Berkat keseniannya yang sangat istimewa dan alam pegunungan yang dikelilingi persawahan yang indah, Ubud di Bali dikenal sebagai daerah kunjungan wisata yang sangat digemari dan bernilai ekonomis sangat tinggi.
Di sepanjang jalan di Ubud, Anda akan bertemu dengan para selebriti dunia, guru-guru besar dari universitas terkenal, serta usahawan mancanegara. Mereka mengayuh sepeda mengunjungi museum yang satu dan museum-museum lainnya. Memborong lukisan dan karya-karya seni. Sebagian orang yang tidak mengerti menduga Ubud adalah warisan alam yang terjadi begitu saja. Mungkin ini agak keliru.
Sejarah Ubud Sebagai Daerah Seni
Di sebuah desa di Ubud, Bali, terdapat dua buah sungai yang bermuara di satu titik. Yang satu bernama sungai Wadon (yang artinya Perempuan) dan satunya lagi, sungai Lanang (artinya Lelaki). Satu sungai hanya dipisahkan oleh satu bukit yang di titik pertemuannya diberi nama Tjampuhan.
Titik itu dipercaya sebagai tempat orang suci nenek moyang orang-orang Bali, Maharesi Markandia yang sakti, berhasil menaklukkan dedemit yang sangat menguasai Bali. Maka di titik itu dibangun sebuah pura yang sangat suci: Pura Gunung Lebah.
Konon, di desa-desa sepanjang sungai itu mengalirlah darah-darah seni orang Bali. Desa Penestanan, Pengosekan, dan Sukawati yang terkenal sebagai desa lukis, Celuk (desa perak), Batu Bulan (desa stone carving], dan sebagainya. Singkatnya, Ubud dikenal sebagai daerah yang kaya dengan seni.
Ubud tidak akan pernah menjadi daerah kunjungan wisata kalau tak ada seseorang yang dengan sungguh-sungguh melakukan perubahan. Pembuat perubahan itu bernama Tjokorda Gde Agung Sukawati, Raja Ubud.
Semasa hidupnya, Tjokorda sangat memerhatikan kesenian. la berpikir, rakyatnya tidak bisa hidup seperti ini terus-menerus. Maka ia pun mulai mencari jalan agar warganya bisa membuat karya-karya seni secara lebih indah dan lebih bernilai. Maka setiap kali ia mendengar ada pelukis hebat datang ke Indonesia, ia ajak ke Ubud.
Ia memburu nama-nama terkenal. Walter Spies dijemputnya di pelabuhan. Bahkan diberikan rumah di Bali. Syaratnya cuma satu: “Tolong ajarkan anak-anak Ubud melukis”.
Sejak saat itu, yang datang bukan cuma Walter Spies. Sebut saja Rudolf Bonnet, Arie Schmidt, dan Han: Snell. Mereka adalah pelukis-pelukis besar yang memberikan pengaruh terhadap cara melukis di sini. Bahkan juga Antonio Blanco yang jatuh cinta dengan gadis Bali dan menetap di sana sampai mati.
Konon, sebelum kedatangan mereka, lukisan seniman Ubud terbatas hanya pada tema-tema yang lazim ditemui pada epos Mahabarata dan Ramayana.

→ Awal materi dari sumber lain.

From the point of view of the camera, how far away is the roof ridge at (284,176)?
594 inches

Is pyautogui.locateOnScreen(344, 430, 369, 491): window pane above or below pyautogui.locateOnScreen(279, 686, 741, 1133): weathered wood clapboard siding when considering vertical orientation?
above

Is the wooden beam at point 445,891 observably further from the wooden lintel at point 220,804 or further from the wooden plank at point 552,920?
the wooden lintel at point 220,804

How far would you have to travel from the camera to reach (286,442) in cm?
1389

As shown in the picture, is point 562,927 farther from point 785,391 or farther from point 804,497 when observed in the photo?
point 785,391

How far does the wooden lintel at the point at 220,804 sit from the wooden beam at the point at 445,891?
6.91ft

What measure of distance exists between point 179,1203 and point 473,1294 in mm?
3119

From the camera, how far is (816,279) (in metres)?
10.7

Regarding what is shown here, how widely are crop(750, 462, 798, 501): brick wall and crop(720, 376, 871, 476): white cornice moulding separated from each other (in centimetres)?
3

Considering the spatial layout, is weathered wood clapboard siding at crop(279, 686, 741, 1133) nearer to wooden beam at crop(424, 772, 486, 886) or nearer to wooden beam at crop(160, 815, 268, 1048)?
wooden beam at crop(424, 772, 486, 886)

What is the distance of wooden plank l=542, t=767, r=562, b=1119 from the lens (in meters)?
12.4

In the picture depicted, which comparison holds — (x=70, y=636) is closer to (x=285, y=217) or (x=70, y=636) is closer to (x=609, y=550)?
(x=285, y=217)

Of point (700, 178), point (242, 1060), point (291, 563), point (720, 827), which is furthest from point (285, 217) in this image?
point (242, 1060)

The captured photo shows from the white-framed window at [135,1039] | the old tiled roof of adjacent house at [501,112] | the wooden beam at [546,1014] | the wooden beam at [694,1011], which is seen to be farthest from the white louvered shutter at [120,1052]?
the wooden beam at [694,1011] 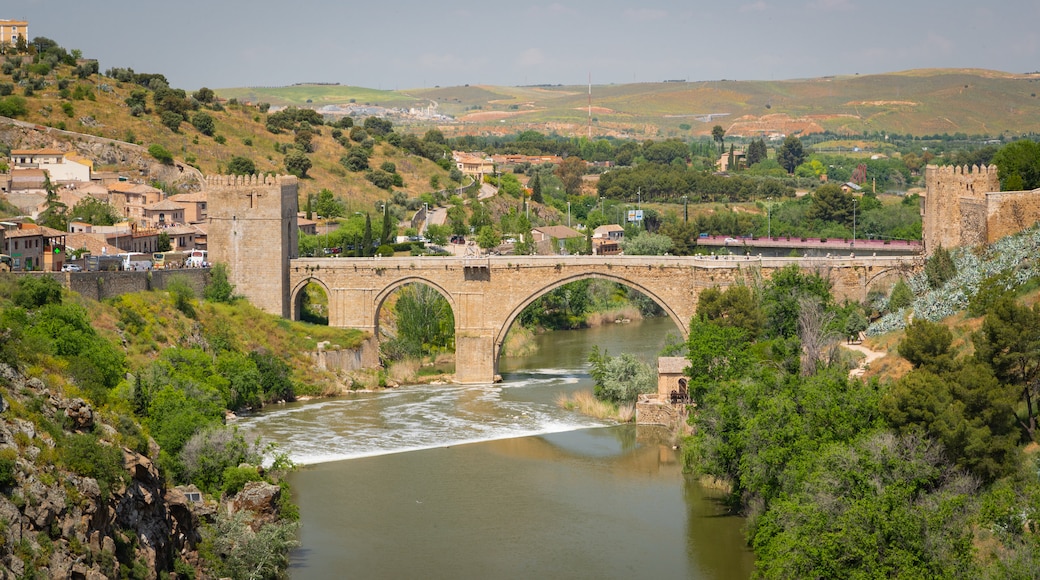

Sekarang Anda bisa melihat karya-karya yang sangat ekspresif dengan multi tema.
Menurut putra almarhum, Tjokorda Gde Raka Sukawati, ayahnya sendiri pergi menyambut para seniman besar itu dan menawarkan ternpat untuk tinggal di Ubud. Bahkan pelukis besar Affandi termasuk yang pernah diburunya.
Gagasan sederhana itu sekarang sangat dinikmati orang-orang Bali. Turis tidak lagi takut mendatangi daerah yang dulu agak tertutup dan berhutan lebat ini. Di Tjampuhan, bekas rumah Walter Spies, sampai sekarang masih bisa dilihat jejak kedatangan Waiter Spies. Rumah itu ada di tengah-tengah kawasan hotel Tjampuhan.
Di Desa Kedewatan, Tjokorda membangun sebuah patung yang sangat besar berupa dewa-dewi. Daerah ini memang dikenal sebagai desa yang kerap didatangi bidadari sehingga diberi nama Kedewatan. Di situ ada sebuah resort butik yang sangat indah, yang dibangun oleh ratusan seniman dengan tangan-tangan yang sangat terampil.
Tak jauh dari situ, Tjokorda Gde Raka Sukawati membangun sebuah resort butik yang iuga sangat digemari turis asing: Pitamaha. Pelanggan tetapnya antara lain adalah David Copperfield dan Cindy Crawford.